Work required:
Return all entries verbatim; skip any pictures.

Crawled caption data
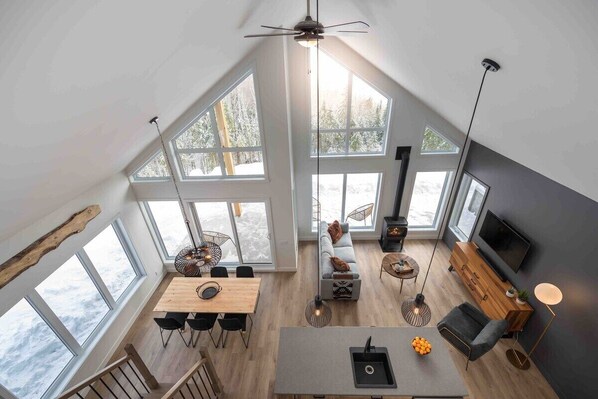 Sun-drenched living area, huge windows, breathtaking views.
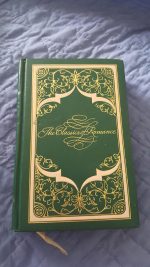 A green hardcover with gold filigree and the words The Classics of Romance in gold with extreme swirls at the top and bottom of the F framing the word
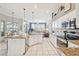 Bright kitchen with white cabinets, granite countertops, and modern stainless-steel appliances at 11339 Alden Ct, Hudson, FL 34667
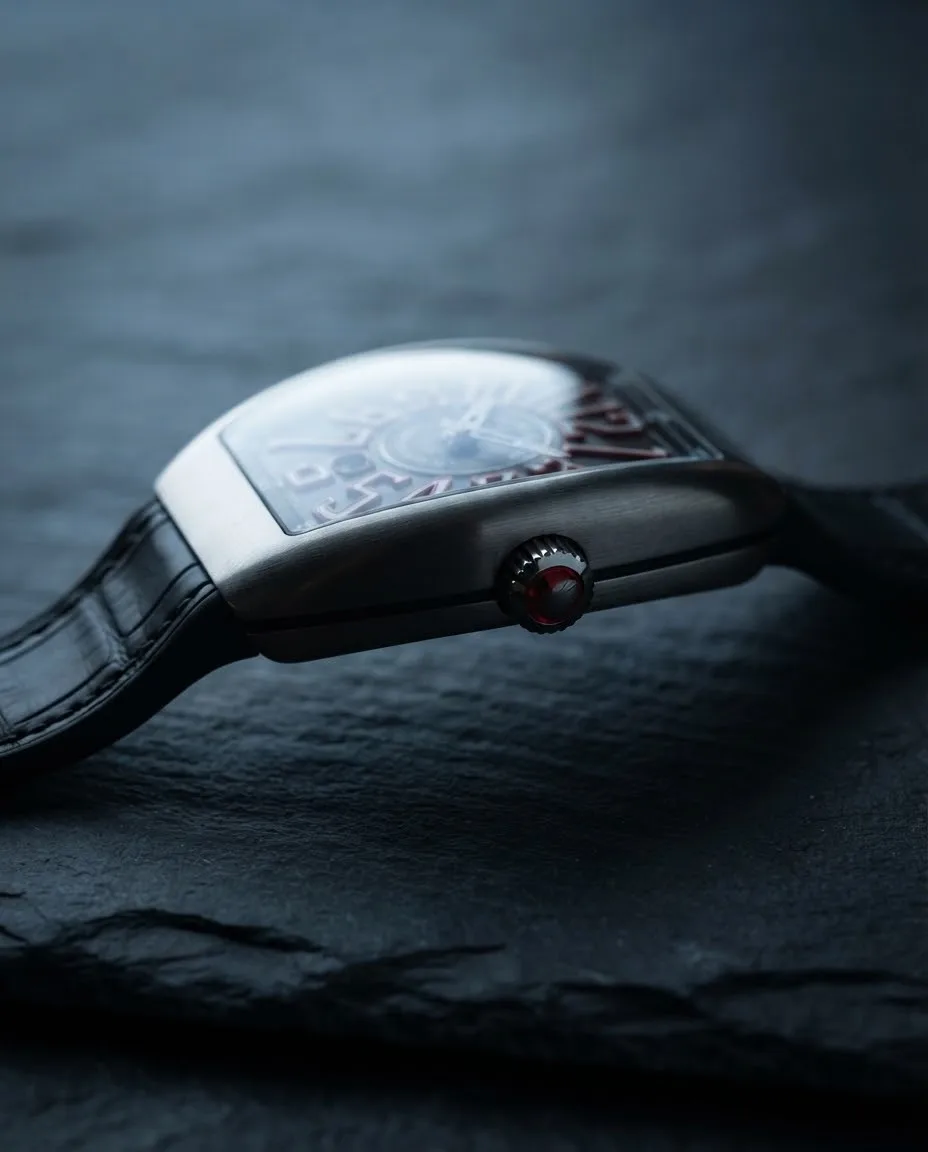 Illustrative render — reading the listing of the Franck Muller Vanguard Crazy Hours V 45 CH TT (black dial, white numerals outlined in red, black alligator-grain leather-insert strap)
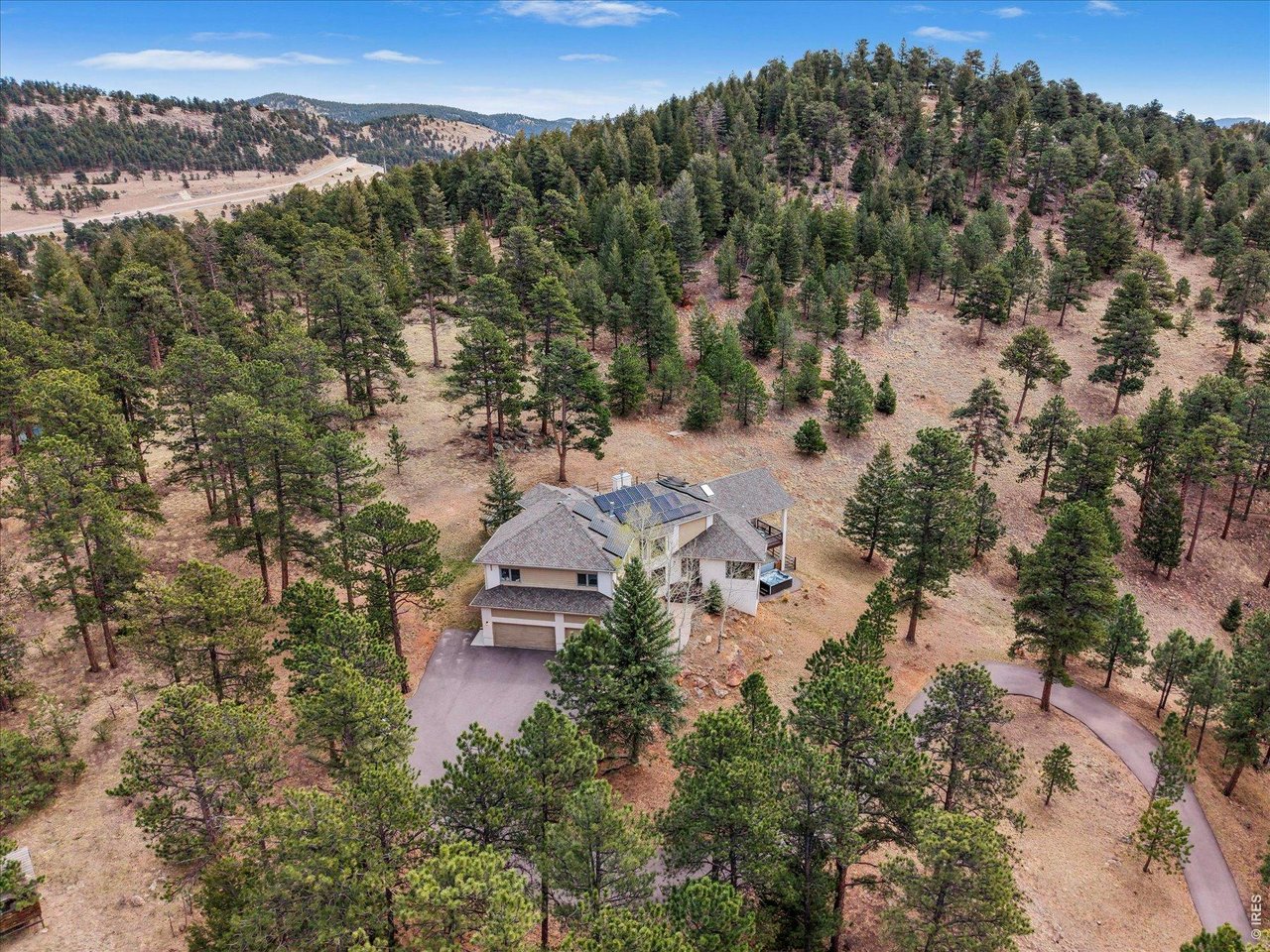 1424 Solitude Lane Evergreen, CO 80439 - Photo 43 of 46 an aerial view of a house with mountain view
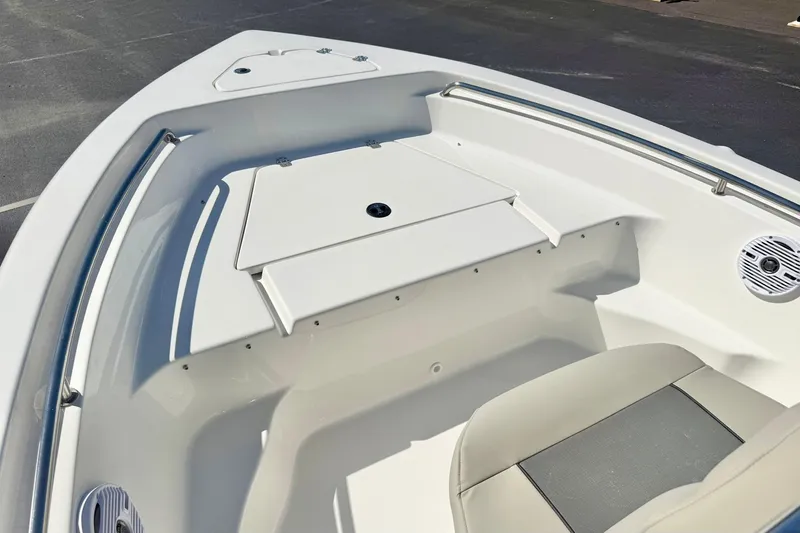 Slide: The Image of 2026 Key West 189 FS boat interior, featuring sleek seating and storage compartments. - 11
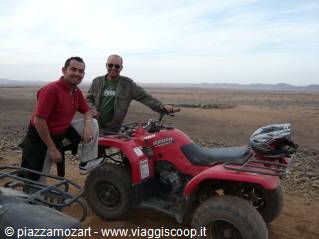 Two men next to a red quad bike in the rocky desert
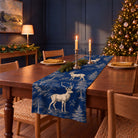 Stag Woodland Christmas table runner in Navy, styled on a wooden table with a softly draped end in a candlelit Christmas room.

Solution:
 Sun-drenched living area, huge windows, breathtaking views.
 A green hardcover with gold filigree and the words The Classics of Romance in gold with extreme swirls at the top and bottom of the F framing the word
 Bright kitchen with white cabinets, granite countertops, and modern stainless-steel appliances at 11339 Alden Ct, Hudson, FL 34667
 Illustrative render — reading the listing of the Franck Muller Vanguard Crazy Hours V 45 CH TT (black dial, white numerals outlined in red, black alligator-grain leather-insert strap)
 1424 Solitude Lane Evergreen, CO 80439 - Photo 43 of 46 an aerial view of a house with mountain view
 Slide: The Image of 2026 Key West 189 FS boat interior, featuring sleek seating and storage compartments. - 11
 Two men next to a red quad bike in the rocky desert
 Stag Woodland Christmas table runner in Navy, styled on a wooden table with a softly draped end in a candlelit Christmas room.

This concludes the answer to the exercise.